Often times, borrowers are fixated on their mortgage rate because it’s the one aspect of their home financing they know to ask about. But, it’s important to look beyond mere rates into the bigger picture surrounding what’s significant when it comes to your specific mortgage needs.

If we dollarize the difference between 2.99% and 3.04%, for instance, it works out to an additional $2.66 in your monthly payment per $100,000 of your mortgage. Over the course of a five-year term, this culminates into just $159.60 per $100,000.

While “no-frills” mortgage products typically offer a lower – or more discounted – interest rate (like the 2.99% used in the example above), when compared with many other available products, the lower rate is really their only perk.

The biggest problem with looking at rate alone is that you may end up paying thousands of dollars in early payout penalties if you opt for a five-year fixed-rate mortgage, for instance, and then decide to move before the five years is up.

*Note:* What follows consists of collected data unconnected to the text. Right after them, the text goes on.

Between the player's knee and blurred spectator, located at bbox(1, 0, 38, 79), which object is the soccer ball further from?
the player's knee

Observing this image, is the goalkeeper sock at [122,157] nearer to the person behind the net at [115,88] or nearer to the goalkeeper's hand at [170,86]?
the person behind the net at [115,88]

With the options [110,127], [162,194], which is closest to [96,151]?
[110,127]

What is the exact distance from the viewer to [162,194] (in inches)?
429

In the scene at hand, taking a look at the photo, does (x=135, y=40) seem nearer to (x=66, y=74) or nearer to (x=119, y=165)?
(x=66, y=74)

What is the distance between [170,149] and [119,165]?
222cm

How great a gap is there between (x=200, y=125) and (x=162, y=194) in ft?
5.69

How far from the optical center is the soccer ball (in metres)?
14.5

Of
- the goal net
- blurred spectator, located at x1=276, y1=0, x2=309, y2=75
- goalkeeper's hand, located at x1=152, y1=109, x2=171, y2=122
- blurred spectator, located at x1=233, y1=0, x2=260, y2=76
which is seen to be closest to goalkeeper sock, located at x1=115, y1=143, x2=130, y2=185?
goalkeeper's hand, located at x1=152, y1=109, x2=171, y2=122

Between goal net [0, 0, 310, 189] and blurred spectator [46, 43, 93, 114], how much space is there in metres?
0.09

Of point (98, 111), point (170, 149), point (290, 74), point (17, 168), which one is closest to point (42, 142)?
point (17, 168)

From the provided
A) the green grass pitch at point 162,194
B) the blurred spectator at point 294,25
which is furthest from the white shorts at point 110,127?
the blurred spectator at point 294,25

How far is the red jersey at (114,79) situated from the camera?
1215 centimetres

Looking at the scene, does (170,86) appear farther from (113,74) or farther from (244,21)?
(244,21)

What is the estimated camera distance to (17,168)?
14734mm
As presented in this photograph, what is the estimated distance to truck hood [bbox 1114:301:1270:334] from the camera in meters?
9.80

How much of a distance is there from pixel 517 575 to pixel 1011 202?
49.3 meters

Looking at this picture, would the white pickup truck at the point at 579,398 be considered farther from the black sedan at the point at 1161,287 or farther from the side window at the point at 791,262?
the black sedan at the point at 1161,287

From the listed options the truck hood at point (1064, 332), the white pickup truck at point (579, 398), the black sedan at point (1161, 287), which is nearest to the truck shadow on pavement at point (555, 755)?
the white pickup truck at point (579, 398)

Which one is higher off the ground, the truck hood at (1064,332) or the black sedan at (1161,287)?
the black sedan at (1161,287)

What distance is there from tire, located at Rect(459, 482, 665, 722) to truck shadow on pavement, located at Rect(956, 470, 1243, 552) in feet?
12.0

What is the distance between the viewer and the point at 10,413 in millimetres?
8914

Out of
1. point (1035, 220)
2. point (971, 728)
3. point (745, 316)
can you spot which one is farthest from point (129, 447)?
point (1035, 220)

No-frills mortgage products won’t let you take your mortgage with you if you purchase another property before your mortgage term is up – eg., portability is not an option with this product. Portability is an important option that could save you money over the long term if the home of your dreams is within your reach before your mortgage term is up and rates have risen, which they have a tendency to do over a five-year period.

This type of product is only plausible for those who have minimal plans to take advantage of benefits that will help pay off your mortgage faster – such as prepayment privileges including lump-sum payments.

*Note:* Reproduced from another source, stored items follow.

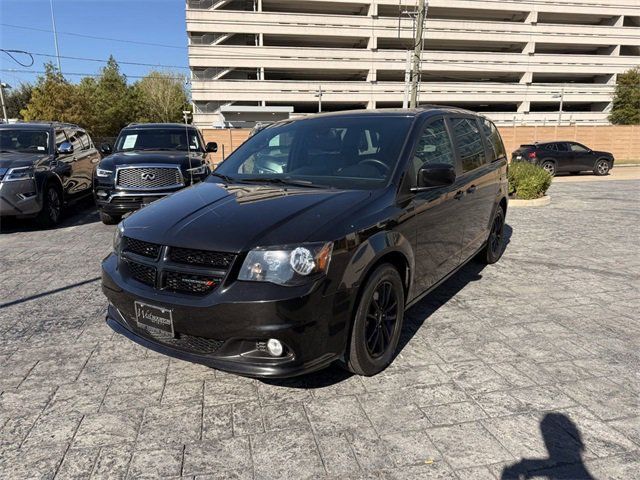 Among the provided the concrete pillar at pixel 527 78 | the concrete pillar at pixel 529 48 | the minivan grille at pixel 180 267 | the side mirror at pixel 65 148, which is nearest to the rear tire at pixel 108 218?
the side mirror at pixel 65 148

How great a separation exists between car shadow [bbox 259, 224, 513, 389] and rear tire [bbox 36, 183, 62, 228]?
6.78 metres

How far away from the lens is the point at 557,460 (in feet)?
7.93

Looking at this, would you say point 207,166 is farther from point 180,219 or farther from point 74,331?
point 180,219

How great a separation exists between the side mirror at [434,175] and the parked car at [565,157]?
18.0 metres

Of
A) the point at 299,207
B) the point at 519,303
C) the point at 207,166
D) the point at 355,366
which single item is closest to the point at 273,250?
the point at 299,207

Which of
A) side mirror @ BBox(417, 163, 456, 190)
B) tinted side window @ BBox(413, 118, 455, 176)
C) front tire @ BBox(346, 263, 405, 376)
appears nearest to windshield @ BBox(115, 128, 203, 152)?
tinted side window @ BBox(413, 118, 455, 176)

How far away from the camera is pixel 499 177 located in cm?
561

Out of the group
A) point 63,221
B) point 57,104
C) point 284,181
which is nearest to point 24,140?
point 63,221

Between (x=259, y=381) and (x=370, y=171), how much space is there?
173 centimetres

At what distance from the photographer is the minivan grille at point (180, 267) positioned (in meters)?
2.59

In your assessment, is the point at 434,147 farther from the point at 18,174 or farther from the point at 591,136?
the point at 591,136

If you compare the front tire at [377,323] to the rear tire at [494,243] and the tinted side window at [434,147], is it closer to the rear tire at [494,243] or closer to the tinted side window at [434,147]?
the tinted side window at [434,147]

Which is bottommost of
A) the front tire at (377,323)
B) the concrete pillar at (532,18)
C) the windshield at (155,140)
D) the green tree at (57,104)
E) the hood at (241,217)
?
the front tire at (377,323)

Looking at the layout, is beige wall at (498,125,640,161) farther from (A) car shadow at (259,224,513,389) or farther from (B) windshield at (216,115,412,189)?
(B) windshield at (216,115,412,189) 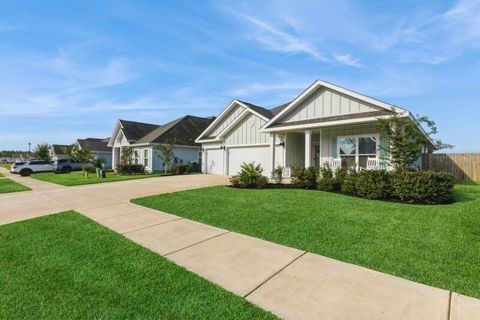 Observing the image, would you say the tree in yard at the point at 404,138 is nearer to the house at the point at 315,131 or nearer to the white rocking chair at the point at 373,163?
the house at the point at 315,131

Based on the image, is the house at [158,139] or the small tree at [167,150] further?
the house at [158,139]

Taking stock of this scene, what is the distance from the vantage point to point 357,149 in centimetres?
1398

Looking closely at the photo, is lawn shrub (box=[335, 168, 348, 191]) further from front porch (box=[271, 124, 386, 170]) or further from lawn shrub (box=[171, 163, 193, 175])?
lawn shrub (box=[171, 163, 193, 175])

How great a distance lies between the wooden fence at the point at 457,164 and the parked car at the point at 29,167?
124 feet

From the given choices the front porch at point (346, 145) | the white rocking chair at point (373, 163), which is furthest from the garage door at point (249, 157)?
the white rocking chair at point (373, 163)

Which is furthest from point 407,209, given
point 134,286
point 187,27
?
point 187,27

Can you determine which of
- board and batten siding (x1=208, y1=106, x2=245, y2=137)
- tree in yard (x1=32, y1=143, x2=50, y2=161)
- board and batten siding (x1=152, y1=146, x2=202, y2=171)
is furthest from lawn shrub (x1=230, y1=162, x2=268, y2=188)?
tree in yard (x1=32, y1=143, x2=50, y2=161)

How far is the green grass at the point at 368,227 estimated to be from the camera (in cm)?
422

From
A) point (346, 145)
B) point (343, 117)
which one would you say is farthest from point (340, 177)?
point (346, 145)

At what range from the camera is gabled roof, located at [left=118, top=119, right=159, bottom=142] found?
31.0 m

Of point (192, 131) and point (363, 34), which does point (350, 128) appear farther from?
point (192, 131)

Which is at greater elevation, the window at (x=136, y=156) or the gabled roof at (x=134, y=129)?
the gabled roof at (x=134, y=129)

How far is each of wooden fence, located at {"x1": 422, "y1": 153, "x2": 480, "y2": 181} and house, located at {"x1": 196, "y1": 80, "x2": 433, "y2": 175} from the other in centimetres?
89

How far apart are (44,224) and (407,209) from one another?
9.59 metres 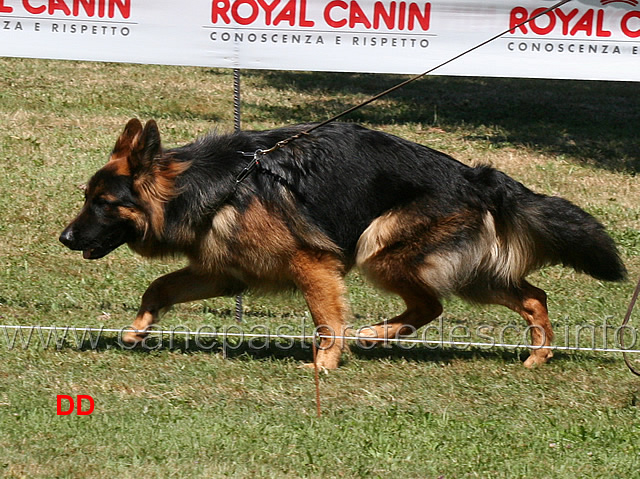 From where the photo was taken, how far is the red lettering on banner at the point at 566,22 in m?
7.26

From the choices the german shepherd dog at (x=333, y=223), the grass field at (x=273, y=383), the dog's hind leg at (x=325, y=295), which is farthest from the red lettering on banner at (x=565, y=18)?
the dog's hind leg at (x=325, y=295)

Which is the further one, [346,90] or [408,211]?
[346,90]

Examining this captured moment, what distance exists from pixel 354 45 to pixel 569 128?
397 inches

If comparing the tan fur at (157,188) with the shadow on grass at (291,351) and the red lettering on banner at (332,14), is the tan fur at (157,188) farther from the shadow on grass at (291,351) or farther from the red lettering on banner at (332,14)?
the red lettering on banner at (332,14)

Essentially, this product is only ideal for: first-time homebuyers who want fixed payments and have limited opportunities to make lump-sum payments during the first five years of their mortgage; and property investors who need a low fixed rate and aren’t concerned with making lump-sum payments.

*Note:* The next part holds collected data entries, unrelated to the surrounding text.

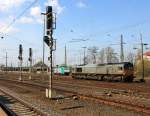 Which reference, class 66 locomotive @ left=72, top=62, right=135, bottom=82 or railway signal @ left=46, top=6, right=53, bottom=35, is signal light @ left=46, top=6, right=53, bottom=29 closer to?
railway signal @ left=46, top=6, right=53, bottom=35

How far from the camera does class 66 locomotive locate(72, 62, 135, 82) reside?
53987 millimetres

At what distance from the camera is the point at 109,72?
57.4 meters

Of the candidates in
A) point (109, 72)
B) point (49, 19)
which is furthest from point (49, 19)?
point (109, 72)

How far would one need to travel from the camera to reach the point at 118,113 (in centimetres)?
1538

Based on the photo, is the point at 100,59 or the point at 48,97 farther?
the point at 100,59

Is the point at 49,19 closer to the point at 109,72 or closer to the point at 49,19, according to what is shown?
the point at 49,19

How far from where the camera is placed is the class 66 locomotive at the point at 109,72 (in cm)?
5399

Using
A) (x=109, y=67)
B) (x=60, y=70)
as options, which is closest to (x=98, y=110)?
(x=109, y=67)

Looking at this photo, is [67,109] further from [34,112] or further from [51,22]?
[51,22]

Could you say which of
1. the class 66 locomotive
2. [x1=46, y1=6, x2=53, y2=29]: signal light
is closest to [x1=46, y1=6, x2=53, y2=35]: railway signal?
[x1=46, y1=6, x2=53, y2=29]: signal light

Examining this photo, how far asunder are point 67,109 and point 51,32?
729 centimetres

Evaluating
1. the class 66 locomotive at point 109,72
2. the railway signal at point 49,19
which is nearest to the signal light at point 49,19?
the railway signal at point 49,19

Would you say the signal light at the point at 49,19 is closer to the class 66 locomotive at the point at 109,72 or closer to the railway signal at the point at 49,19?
the railway signal at the point at 49,19

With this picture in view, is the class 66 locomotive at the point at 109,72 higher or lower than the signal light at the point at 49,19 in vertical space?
lower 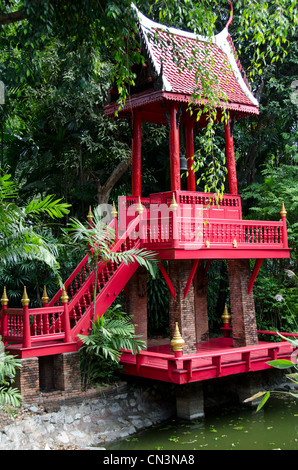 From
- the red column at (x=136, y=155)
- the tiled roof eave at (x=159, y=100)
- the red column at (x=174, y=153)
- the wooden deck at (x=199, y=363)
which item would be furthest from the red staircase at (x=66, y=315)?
the tiled roof eave at (x=159, y=100)

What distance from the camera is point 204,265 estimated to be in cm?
1393

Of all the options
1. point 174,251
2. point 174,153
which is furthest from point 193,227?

It’s understandable why these products may seem appealing. After all, not everyone feels they have the extra cash to put down a huge lump-sum payment. And who needs a portable mortgage if you’re not planning on moving any time soon?

But it’s important to remember that a lot can change over the course of five years – or whatever term you choose for your mortgage. You could get transferred, find a bigger house, have babies, change careers, etc. Five years is a long time to be anchored to something.

Many people won’t sign a cell phone contract for longer than three years that they can’t get out of, so why would they then sign a mortgage for five years that they can’t get out of?

The thing is, you can still obtain great mortgage savings without giving up the perks of traditional mortgages. For starters, many lenders are willing to offer significant discounts if you opt for a 30-day “quick close.

And there are many other ways to earn your own discounts. For instance, by switching to weekly or bi-weekly mortgage payments, or by obtaining a variable-rate mortgage but increasing your payments to match those of the going five-year fixed rate, you’ll be ahead of the typical discount of a no-frills product before you know it – and you won’t have to give up on options.

Banks don’t give anything away for free – they’re there to make money. That’s why it’s essential to discuss the full details surrounding the small print behind the low rates. It’s also important to take into account your longer-term goals and ensure your mortgage meets your unique needs now and into the future.